> **Aim of the task**:
For this item, repeat the material exactly while omitting its pictures.

> **Data provided**:
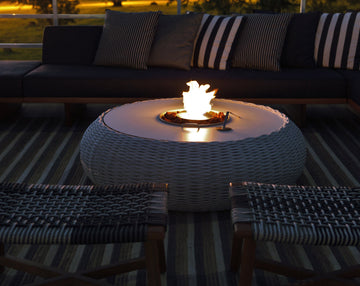 Design & Comfort: The Innovative Coffee Table with Built-In Fireplace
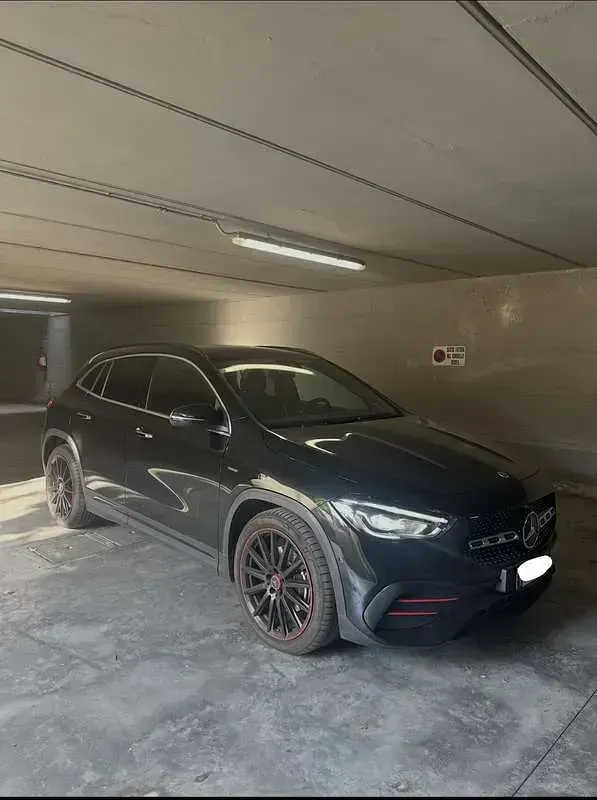 Usata Mercedes GLA200 150 CV (110 kW) 2021 Nero SUV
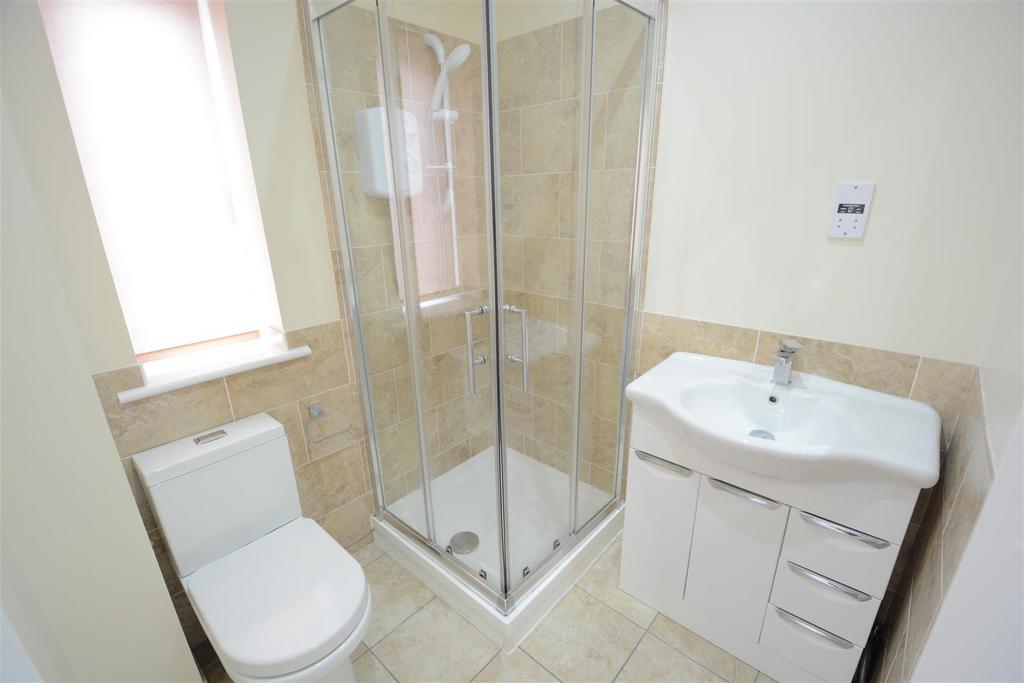 Ensuite to bed 1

> **Reply**:
 Design & Comfort: The Innovative Coffee Table with Built-In Fireplace
 Usata Mercedes GLA200 150 CV (110 kW) 2021 Nero SUV
 Ensuite to bed 1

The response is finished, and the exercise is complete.